The nurse is working hard to prevent medication errors. Which plans will assist the nurse in preventing most errors?

1. Plan to validate all orders with another nurse prior to administration of medications.
2. Plan to assess for patient variables such as age, weight, and diagnostic lab studies prior to administration.
3. Plan to tell health care providers that verbal orders will not be accepted.
4. Plan to always check the client's identification band prior to administration of medications.
5. Plan to record the medication on the medication administration record (MAR) immediately prior to administration.


Correct Answer: 2,3,4
Rationale 1: Only high-risk drugs (e.g., insulin) need to be validated with another nurse.
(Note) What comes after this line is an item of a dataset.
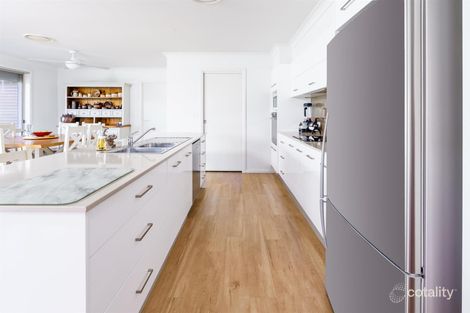 Property photo of 18 Harpur Street Hunterview NSW 2330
It is okay to validate any drug with another nurse if the nurse giving the medications wants a second opinion.
Rationale 2: Nurses should always account for patient variables such as age, weight, and any diagnostic studies that may impact the administration of medication.
Rationale 3: Requiring a written medication order also reduces the possibility of an error related to similar-sounding drug names.
Rationale 4: This is one of the five rights of drug administration to prevent errors.
Rationale 5: Medications should never be documented on the MAR until they have been administered. Documenting anything prior to the actual event is false documentation.
Global Rationale: Nurses should always account for patient variables such as age, weight, and any diagnostic studies that may impact the administration of medication. Requiring a written medication order also reduces the possibility of an error related to similar-sounding drug names. Checking the client identification band is one of the rights of drug administration to prevent errors. Only high-risk drugs (e.g., insulin) need to be validated with another nurse. It is okay to validate any drug with another nurse if the nurse giving the medications wants a second opinion. Medications should never be documented on the MAR until they have been administered. Documenting anything prior to the actual event is false documentation.